You are viewing a plain text version of this content. The canonical link for it is here.
Posted to issues@spark.apache.org by "Oksana Romankova (JIRA)" <ji...@apache.org> on 2016/10/13 19:42:21 UTC

[jira] [Comment Edited] (SPARK-17914) Spark SQL casting to TimestampType with nanosecond results in incorrect timestamp

    [ https://issues.apache.org/jira/browse/SPARK-17914?page=com.atlassian.jira.plugin.system.issuetabpanels:comment-tabpanel&focusedCommentId=15572957#comment-15572957 ] 
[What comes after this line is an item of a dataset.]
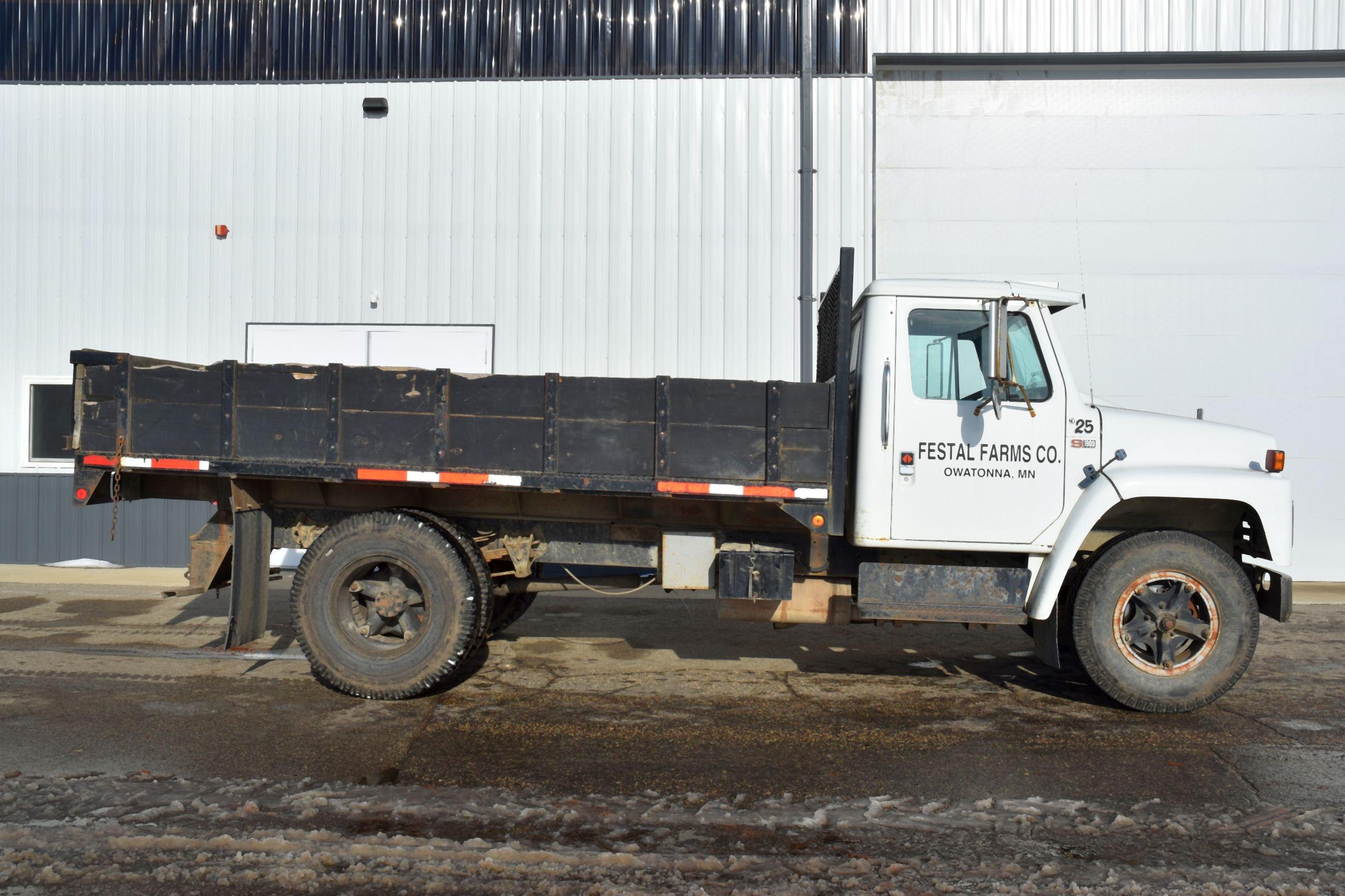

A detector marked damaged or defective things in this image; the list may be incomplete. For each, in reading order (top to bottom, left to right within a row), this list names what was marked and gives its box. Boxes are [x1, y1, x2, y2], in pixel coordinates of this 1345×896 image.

cracked asphalt pavement [3, 575, 1341, 889]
Oksana Romankova edited comment on SPARK-17914 at 10/13/16 7:42 PM:
--------------------------------------------------------------------

Sean, I can't find any evidence of ISO8601 not supporting nanoseconds. All it says that it supports fraction of a second that should be supplied following comma or dot. Different parsing libraries that support ISO8601 have different precision limitations. For instance in Python, datetime.strptime() only supports precision down to microseconds and will throw an exception if nanoseconds were supplied in input string. While it may not be ideal for those who need to be able to retain nanosecond precision after parsing, it is an acceptable behavior. Those who do not need to retain nanosecond precision can catch, or, preemptively, truncate input string. Spark sql DateTimeUtils.stringToTimestamp() doesn't throw, and doesn't truncate properly, which results in incorrect timestamp. In the example above, the acceptable truncation would be:

"2016-05-14T15:12:14.0034567Z" -> "2016-05-14 15:12:14.003456"
"2016-05-14T15:12:14.000345678Z" -> "2016-05-14 15:12:14.000345"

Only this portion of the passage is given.